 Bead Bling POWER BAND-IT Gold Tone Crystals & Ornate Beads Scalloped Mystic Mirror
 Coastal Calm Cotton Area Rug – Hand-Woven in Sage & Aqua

--

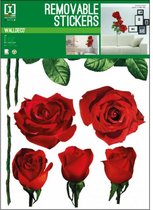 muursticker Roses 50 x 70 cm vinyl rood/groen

* * *

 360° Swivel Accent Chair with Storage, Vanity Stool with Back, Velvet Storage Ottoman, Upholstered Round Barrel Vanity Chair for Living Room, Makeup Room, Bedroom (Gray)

EXERCISE INSTRUCTIONS: Reproduce only the lines above spanning from the line containing "Bead Bling POWER" through the line containing "Coastal Calm Cotton", word for word.

EXERCISE SOLUTION:
 Bead Bling POWER BAND-IT Gold Tone Crystals & Ornate Beads Scalloped Mystic Mirror
 Coastal Calm Cotton Area Rug – Hand-Woven in Sage & Aqua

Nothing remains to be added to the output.